Work instructions: Only the lines from the one containing "Free A young" through the last line of the data below belong in your answer, copied exactly and without pictures.

Records to use:
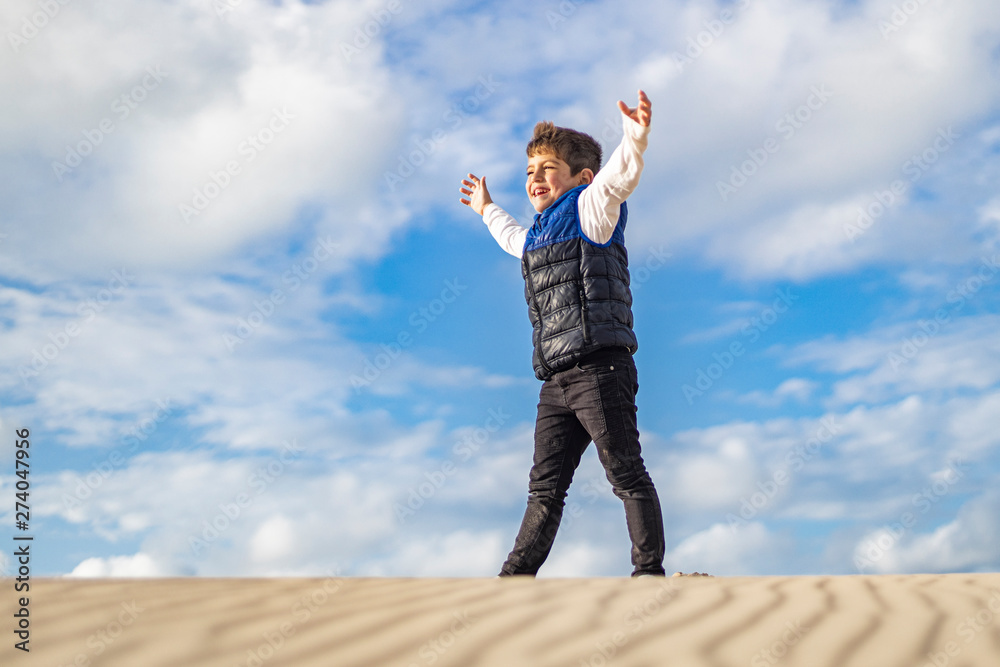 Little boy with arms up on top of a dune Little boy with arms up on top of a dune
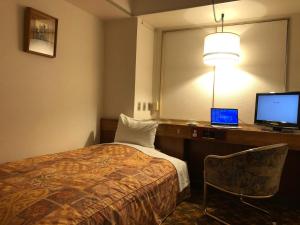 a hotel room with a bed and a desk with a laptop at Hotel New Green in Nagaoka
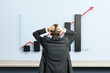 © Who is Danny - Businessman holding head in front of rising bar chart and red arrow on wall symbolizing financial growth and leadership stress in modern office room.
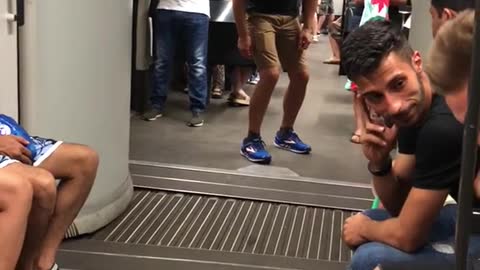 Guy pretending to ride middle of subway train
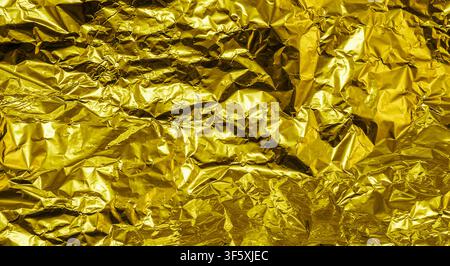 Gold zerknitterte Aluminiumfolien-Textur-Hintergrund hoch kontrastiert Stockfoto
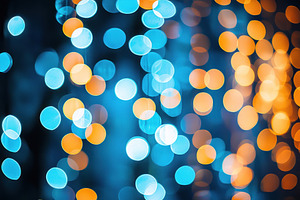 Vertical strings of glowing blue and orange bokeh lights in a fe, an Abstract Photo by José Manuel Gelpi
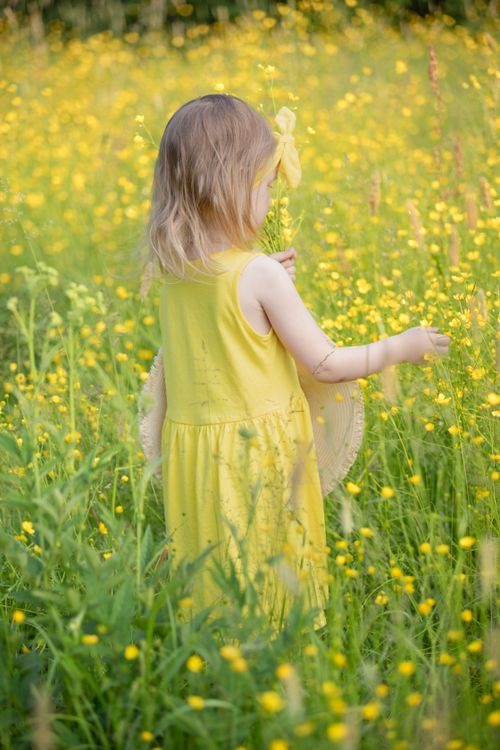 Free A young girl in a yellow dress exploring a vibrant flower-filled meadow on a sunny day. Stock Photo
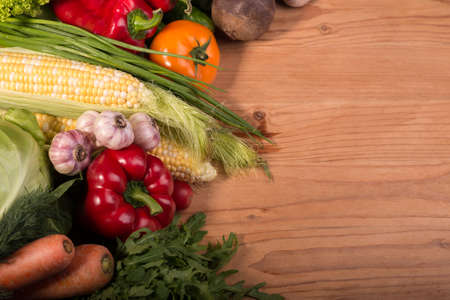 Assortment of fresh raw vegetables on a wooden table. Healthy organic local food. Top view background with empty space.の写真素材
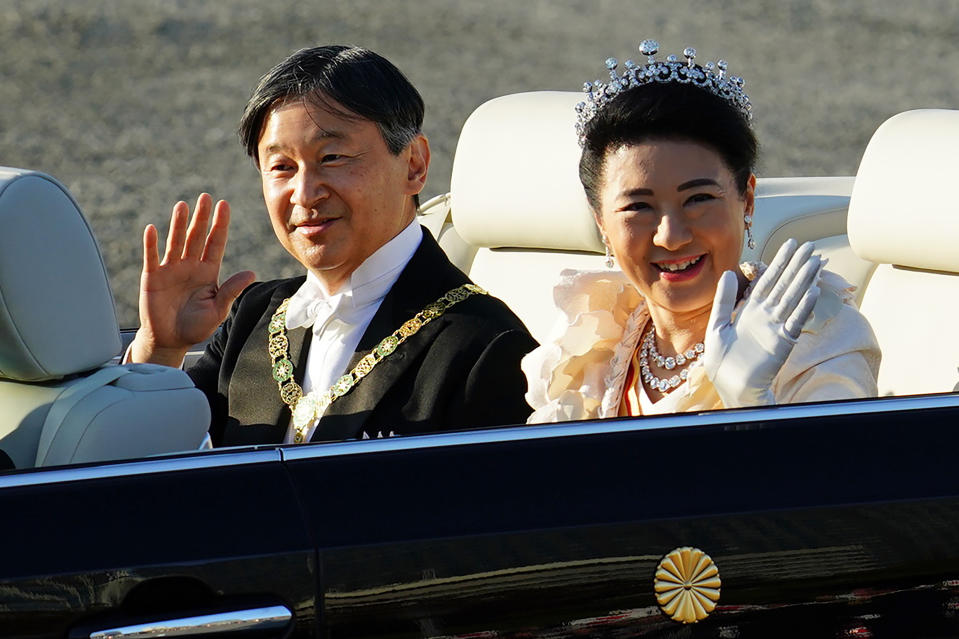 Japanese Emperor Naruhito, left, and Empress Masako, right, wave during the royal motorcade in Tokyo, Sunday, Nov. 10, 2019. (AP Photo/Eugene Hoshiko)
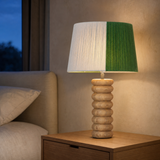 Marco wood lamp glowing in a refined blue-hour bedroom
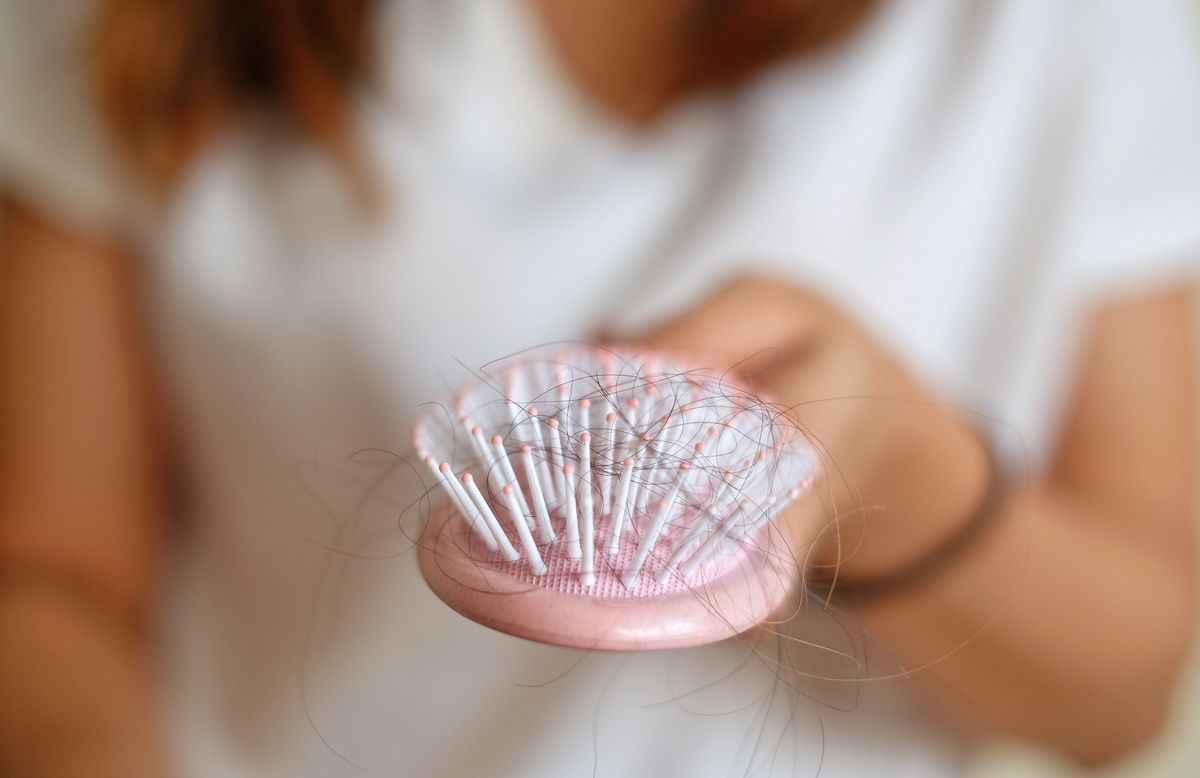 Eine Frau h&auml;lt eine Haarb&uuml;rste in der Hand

Output for this exercise:
 Free A young girl in a yellow dress exploring a vibrant flower-filled meadow on a sunny day. Stock Photo
 Assortment of fresh raw vegetables on a wooden table. Healthy organic local food. Top view background with empty space.の写真素材
 Japanese Emperor Naruhito, left, and Empress Masako, right, wave during the royal motorcade in Tokyo, Sunday, Nov. 10, 2019. (AP Photo/Eugene Hoshiko)
 Marco wood lamp glowing in a refined blue-hour bedroom
 Eine Frau h&auml;lt eine Haarb&uuml;rste in der Hand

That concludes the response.